Transfer Learning Strategies¶
graph TD
A[Pretrained Model] --> A1[Load Checkpoint]
A1 --> A2[Verify Weights]
A2 --> A3[Initialize Architecture]
A3 --> B{Strategy}
B -->|Frozen| C1[Freeze Backbone<br/>Train Head Only]
C1 --> C1a[backbone.requires_grad = False]
C1a --> C1b[Train Classification Head]
C1b --> C1c[Fast Convergence]
B -->|Fine-tune| C2[Unfreeze All<br/>Same LR All Layers]

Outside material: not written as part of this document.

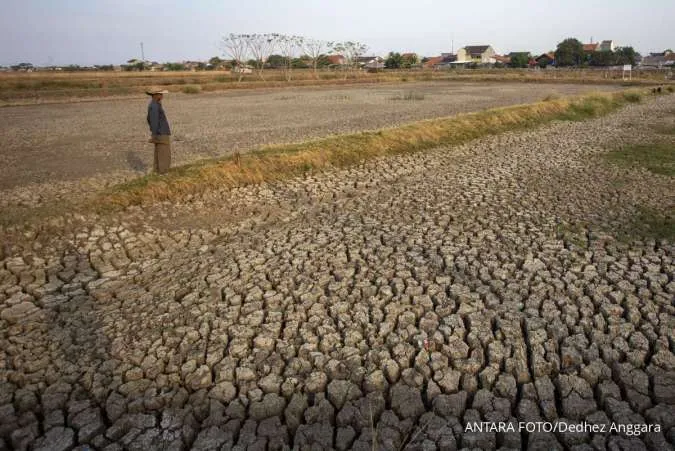 Indonesia Dry Season to be Less Severe This Year, Weather Agency Says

C2 --> C2a[All requires_grad = True]
C2a --> C2b[Single Learning Rate]
C2b --> C2c[Update All Weights]
B -->|Progressive| C3[Gradual Unfreeze<br/>Head → Last → All]
C3 --> C3a[Phase 1: Train Head]
C3a --> C3b[Phase 2: Unfreeze Last]
C3b --> C3c[Phase 3: Unfreeze All]
B -->|LLRD| C4[Layer-wise LR<br/>Decay per Layer]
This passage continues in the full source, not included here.